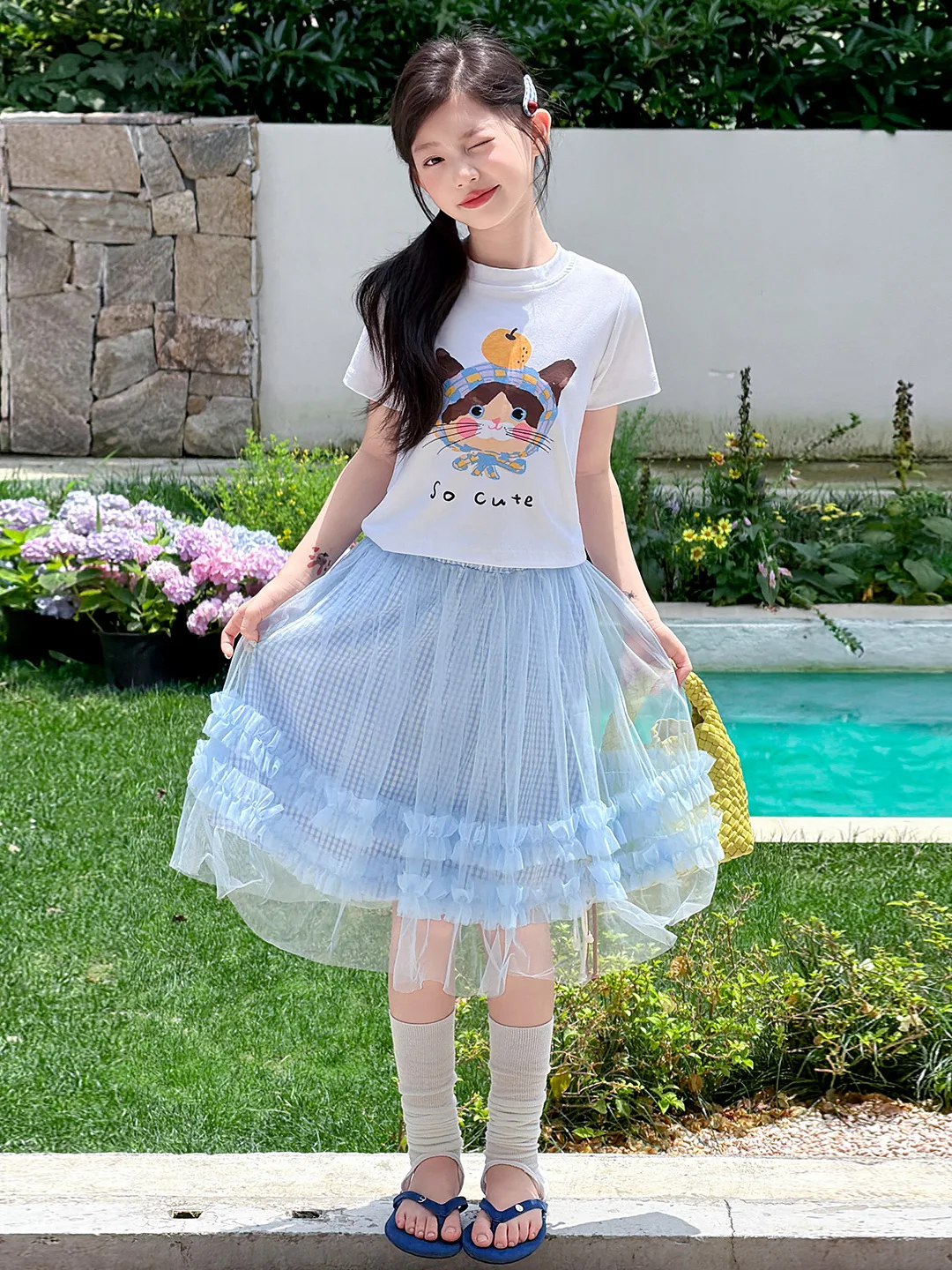 女の子の夏服半袖プリントtシャツとメッシュスカートのツーピース軽量カジュアルスタイル子供服セット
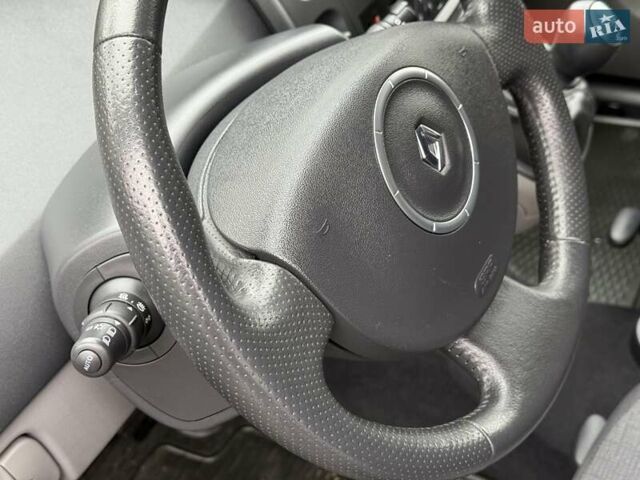 Черный Рено Сценик, объемом двигателя 1.6 л и пробегом 212 тыс. км за 5800 $, фото 21 на Automoto.ua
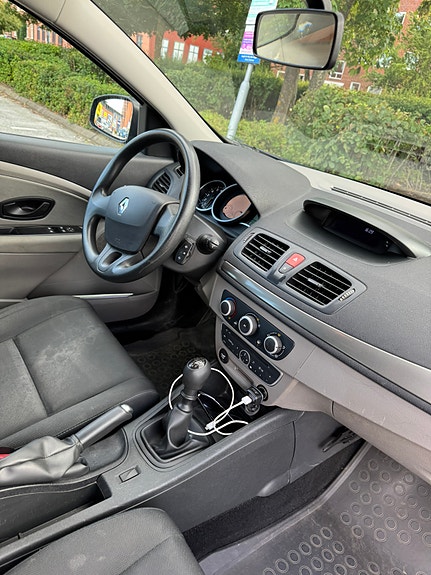 Renault Megane III 9 of 10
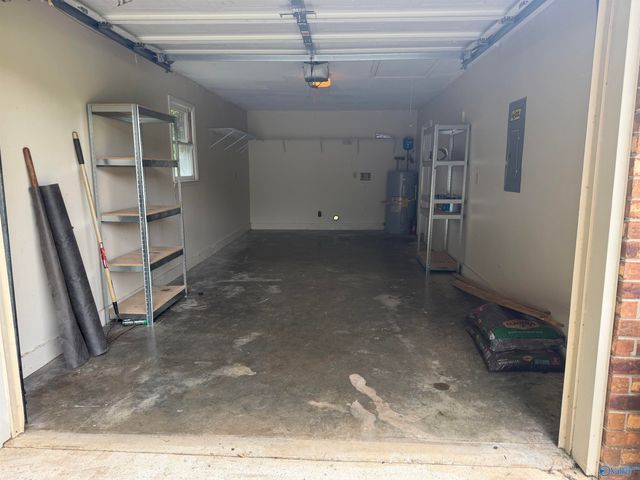 1027 Riverchase Road, Huntsville, AL 35803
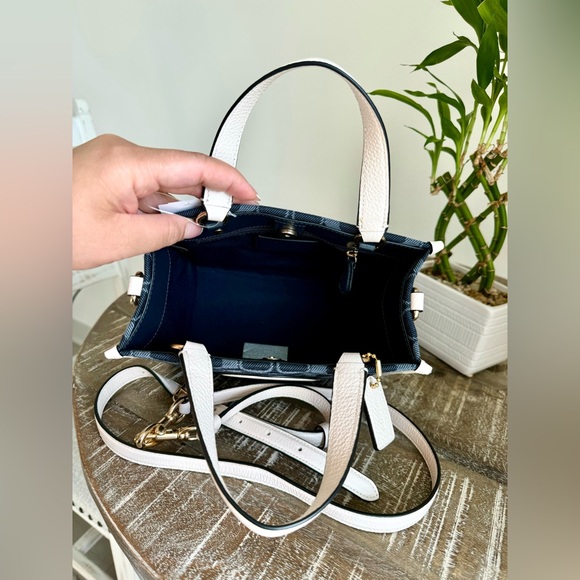 Coach Denim Dempsey Tote ‘22 - Picture 6 of 12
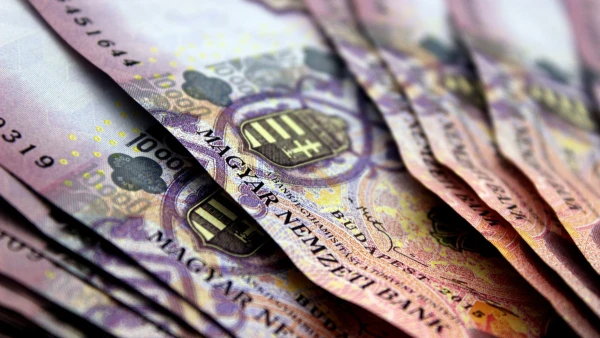 Egyszeri többszázezres juttatásról döntött a belügyminiszter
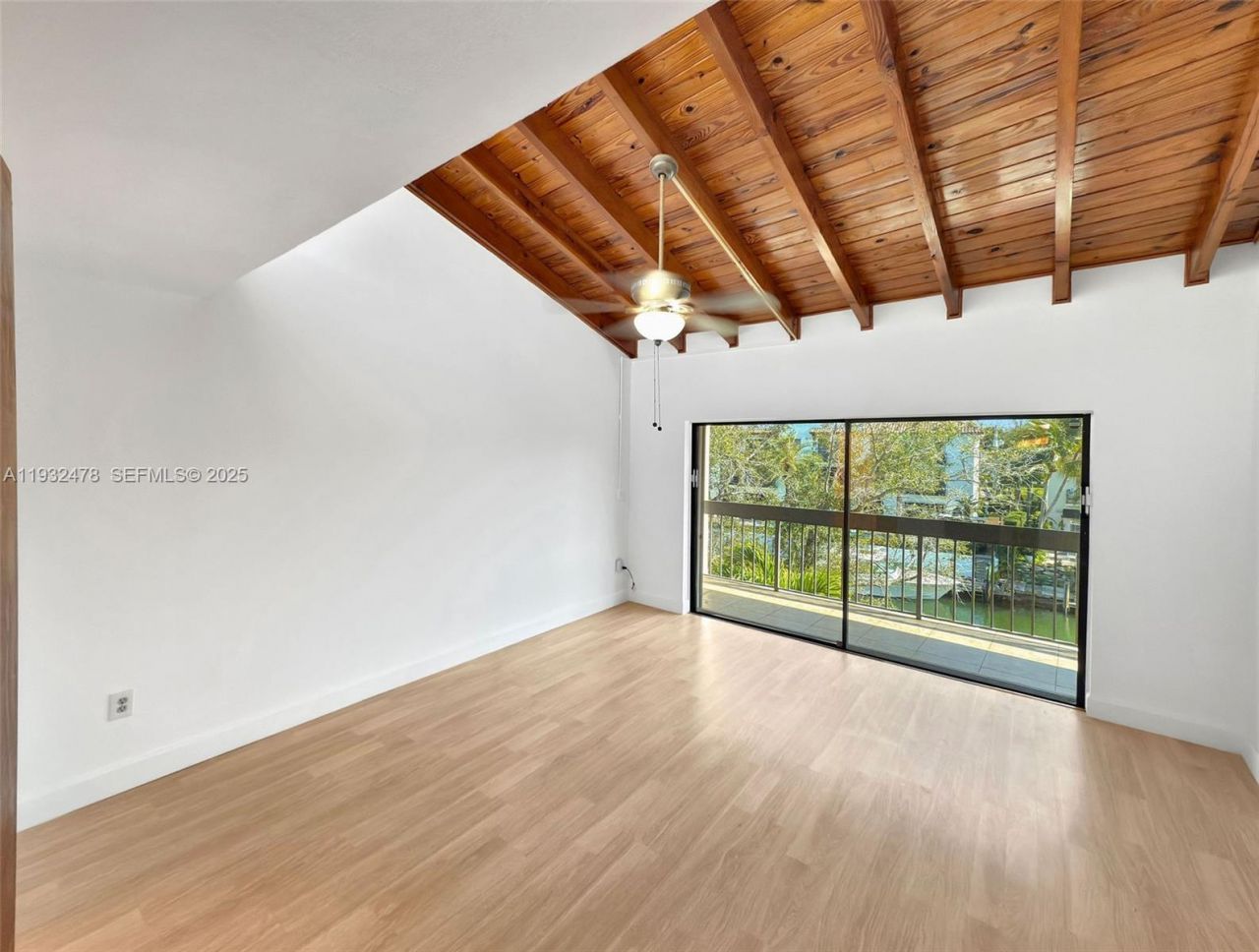 5201 Orduna Dr., Unit 15, Coral Gables, FL 33146 Photo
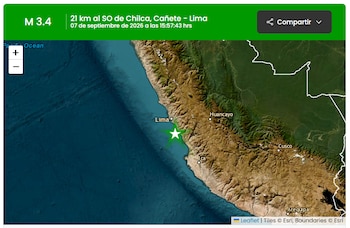 Mapa satelital de la costa del Perú con un encabezado verde que indica un sismo de magnitud 3,4 y una estrella blanca en el epicentro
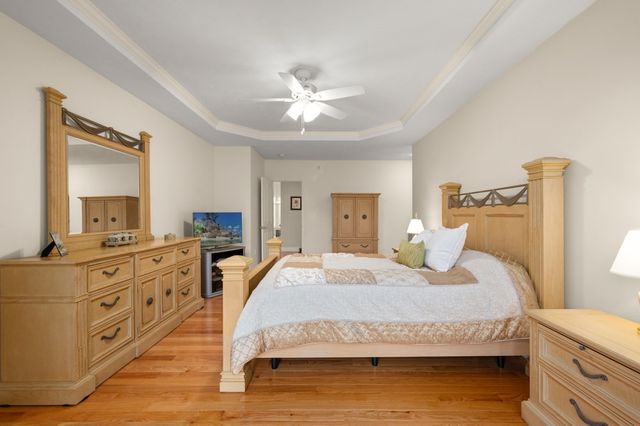 16 Hawkins Pond Lane, Salem, NH 03079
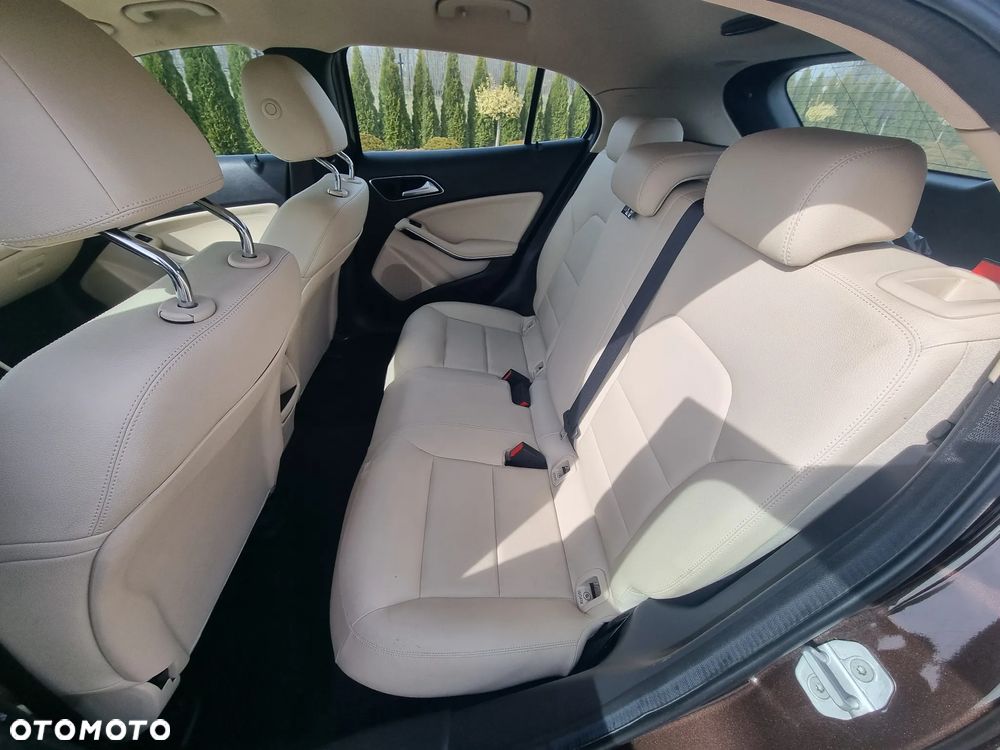 Mercedes-Benz GLA 200 (CDI) d 7G-DCT - 10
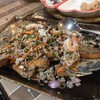 ปลาทอด แล่เป็นชิ้นๆทานง่าย ราดน้ำยำ รสชาติเปรี้ยวหวานกำลังดี ไม่เผ็ดมาก แถมมีหมู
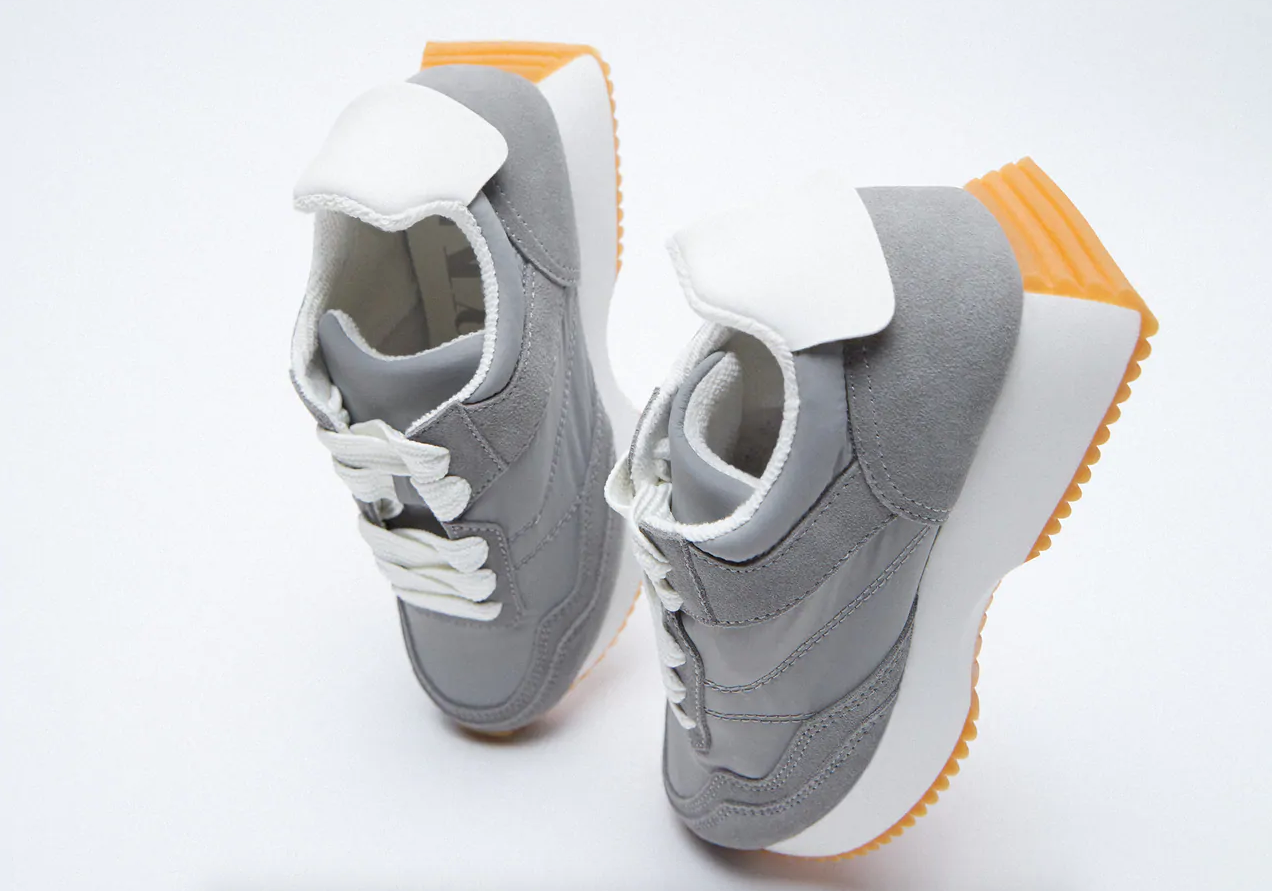 Perfectas para los looks más sporty, pero también para ir a la oficina, estas sneakers grises tienen una suela de lo más original y cuestan 19.99 euros en los Special Prices de Zara.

————

### What you will do
Apart from the images, please copy every line of the data exactly as written.

### Finished task
 女の子の夏服半袖プリントtシャツとメッシュスカートのツーピース軽量カジュアルスタイル子供服セット
 Черный Рено Сценик, объемом двигателя 1.6 л и пробегом 212 тыс. км за 5800 $, фото 21 на Automoto.ua
 Renault Megane III 9 of 10
 1027 Riverchase Road, Huntsville, AL 35803
 Coach Denim Dempsey Tote ‘22 - Picture 6 of 12
 Egyszeri többszázezres juttatásról döntött a belügyminiszter
 5201 Orduna Dr., Unit 15, Coral Gables, FL 33146 Photo
 Mapa satelital de la costa del Perú con un encabezado verde que indica un sismo de magnitud 3,4 y una estrella blanca en el epicentro
 16 Hawkins Pond Lane, Salem, NH 03079
 Mercedes-Benz GLA 200 (CDI) d 7G-DCT - 10
 ปลาทอด แล่เป็นชิ้นๆทานง่าย ราดน้ำยำ รสชาติเปรี้ยวหวานกำลังดี ไม่เผ็ดมาก แถมมีหมู
 Perfectas para los looks más sporty, pero también para ir a la oficina, estas sneakers grises tienen una suela de lo más original y cuestan 19.99 euros en los Special Prices de Zara.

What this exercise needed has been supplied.